Ted’s Rants and Raves by Ted M. Young

April 17, 2007

Google’s Purchase of Tonic Systems

Filed under: Web Applications

So here’s something I can’t quite figure out. Google has thousands of smart software engineers, each of whom has 20% time (1 day a week to work on their own cool project), yet out of the three Google Apps (aka Google’s Microsoft Office Killer), only one (the spreadsheet) was created internally. The word processor is Writely (purchased from Upstartle in 2006) and the presentation program will be the just-purchased JavaPoint from Tonic Systems.

What does this say about Google’s ability to write web applications? Or other software? Let’s go down the list:

  • Google Desktop: internally developed (as far as I know)
  • Google Toolbar: internally developed
  • GWT: purchased from a company in Atlanta in 2006
  • Google Wiki: recently purchased from JotSpot (has yet to become a Google "product")
  • Google Docs: aka Writely, purchased from Upstartle
  • Google Spreadsheets: internally developed
  • Google Presentation: there was "Presently", but that appears to be dead with the purchase of JavaPoint from Tonic Systems.
  • GMail: internally developed
  • Dodgeball: purchased and killed (or at least left to starve), and founders left Google
  • Google Radio Ads: purchased from dMarc in 2005, but dMarc founders left Google
  • Picasa: purchased in 2004
  • Google Earth: purchased from Keyhole in 2004
  • Google SketchUp: purchased in 2006
  • Google Analytics: purchased from Urchin in 2005
  • Google AdSense: purchased from Applied Semantics in 2003

I could probably go on, but you get the picture. It seems to me that Google is very good at purchasing technologies and (sometimes) applying the Google brand to make them popular (or at least more popular). However, Google is not so good about developing products internally and sometimes has trouble keeping the original teams as part of Google.

 

The $4,000 Error Message

Filed under: Using Software

Here at work, for documentation purposes, we want to be able to reverse-engineer the database schema and get a pretty diagram. Since we generate the schema from some XML files, we can’t generate a model from there, so we have to go to the database. Personally, I’d like to generate it straight from the XML, but that’d require some custom work using GraphViz or maybe yWorks. Anyway, one would think that getting a tool to print a pretty diagram of the schema is pretty easy.

This wouldn’t be a blog entry if it was easy…in fact, it’s surprisingly hard to get a good reverse-engineered diagram from any tool, even those costing $4,000.

Hey ERwin, 1993 just called and they want their modeling tool back!

Seriously, I expect a $4,000 tool to be able to do everything and when it comes to reverse engineering, I expect to be able to point it at a database and have it do its magic. Would you believe that CA’s AllFusion ERwin Data Modeler (ugh, what a name) doesn’t know how to speak directly to a SQL Server 2005 database? Oh sure, it gives you that choice when reverse engineering a database, but there doesn’t seem to be any place to set things like username, password, database name, etc. So what happens is I get: "Unable to locate client connectivity software. Check with your database administrator to install the appropriate client software." Well that doesn’t help, since SQL Server 2005 is running on my machine, and on my machine I am the administrator and I have no idea what they’re talking about. If you’re going to display an error message like this, you had better supply a link to a help file that explains what’s wrong and how to fix it. This isn’t some rarely seen database like Paradox, this is Microsoft SQL Server 2005.
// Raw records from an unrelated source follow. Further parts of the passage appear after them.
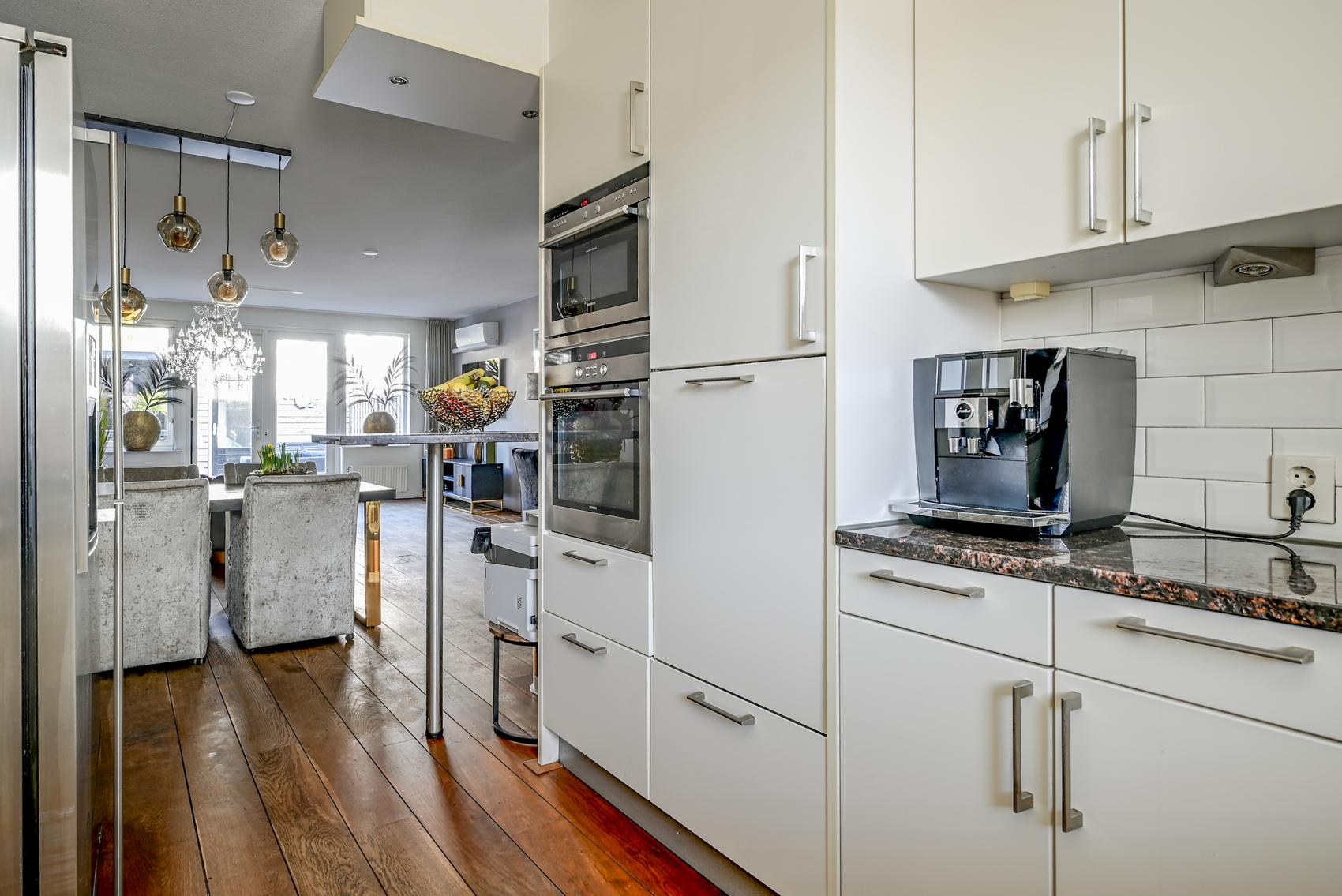 Tussenwoning te koop: Schans 12, Berkel En Rodenrijs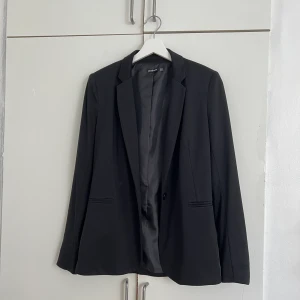 Svart kavaj  - Helt ny kavaj 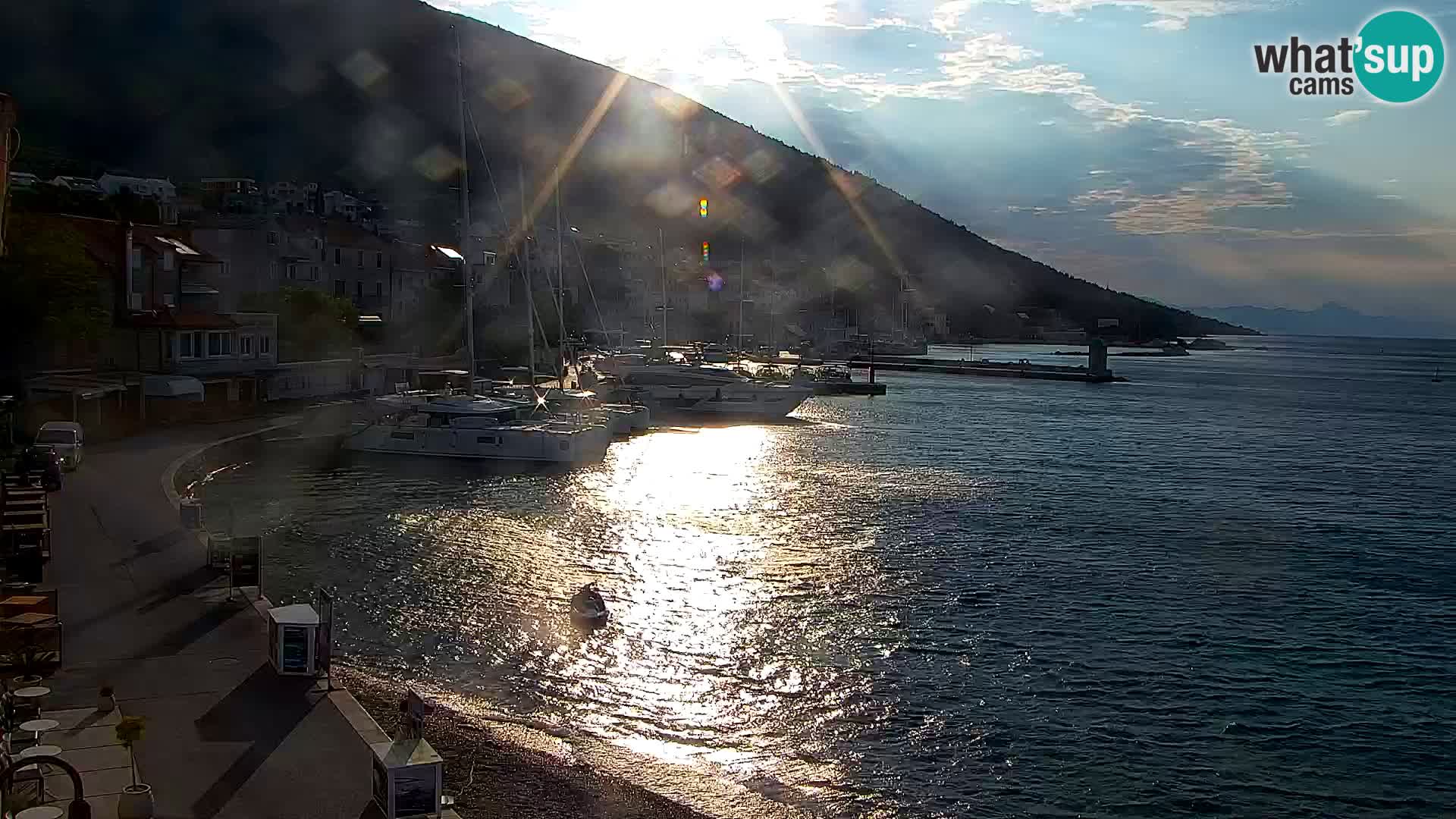 Spletna kamera Bol – Center mesta in marina v živo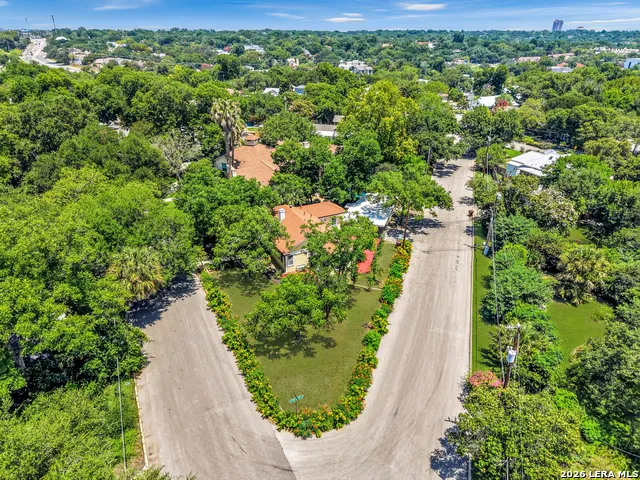 222 REDWOOD ST Alamo Heights, TX 78209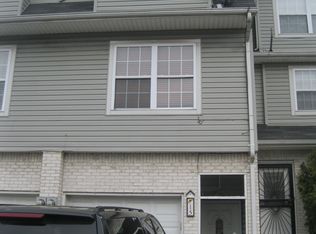 15 Studio Ln, Staten Island, NY 10304
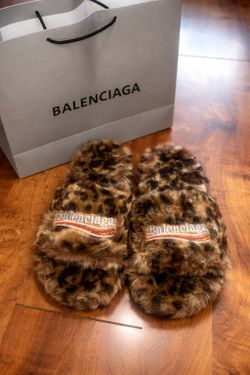 leopard print balenciaga slides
I’m betting that a lot of people use database reverse-engineering tools since database schemas are usually the most un[der]documented part of a system. I would expect a $4,000 tool (or even a $400 one) to provide a solid wizard interface for setting up connections to database. If they don’t want to "dumb down" the product with a wizard, then detailed error messages would be fine. Error messages such as "Error 0" are inexcusable in commercial software, let alone ones that are expensive and have been around for so many years. I could understand a 1.0 product having limited help or cryptic error messages, but not a product that’s at version 7.1.2.

Since I couldn’t get the direct-to-SQL Server 2005 connection working, I figured I’d try the ODBC connection and that got me connected to my database. ERwin was finally able to reverse-engineer the tables, though not after some very tedious selecting and unselecting the tables that I wanted. ERwin (and Visio 2007 as well) makes this so hard because if I want to select, say, 100 tables out of a possible 250 tables to reverse engineer, I have to select and click a button for every single table. I can’t multiple-select, or drag-n-drop, or even use a search expression (let alone a regexp).

With the tables and their relationships imported into ERwin, I find that its line layout algorithms are awful (though not nearly as bad as Visual Paradigm’s VPSuite’s routing algorithms, which seem to be non-existent): with all of the crossed lines and dashed line styles, it’s hard to see what connects to what. At least the number of lines crossing the entity shapes are kept to a minimum.

With all of the fancy algorithms that have been around for years (many, many years) to lay out lines with the minimum number of crossings, I guess it’s just another one of those things that few people need. My customized XML to Diagram solution is looking better and better.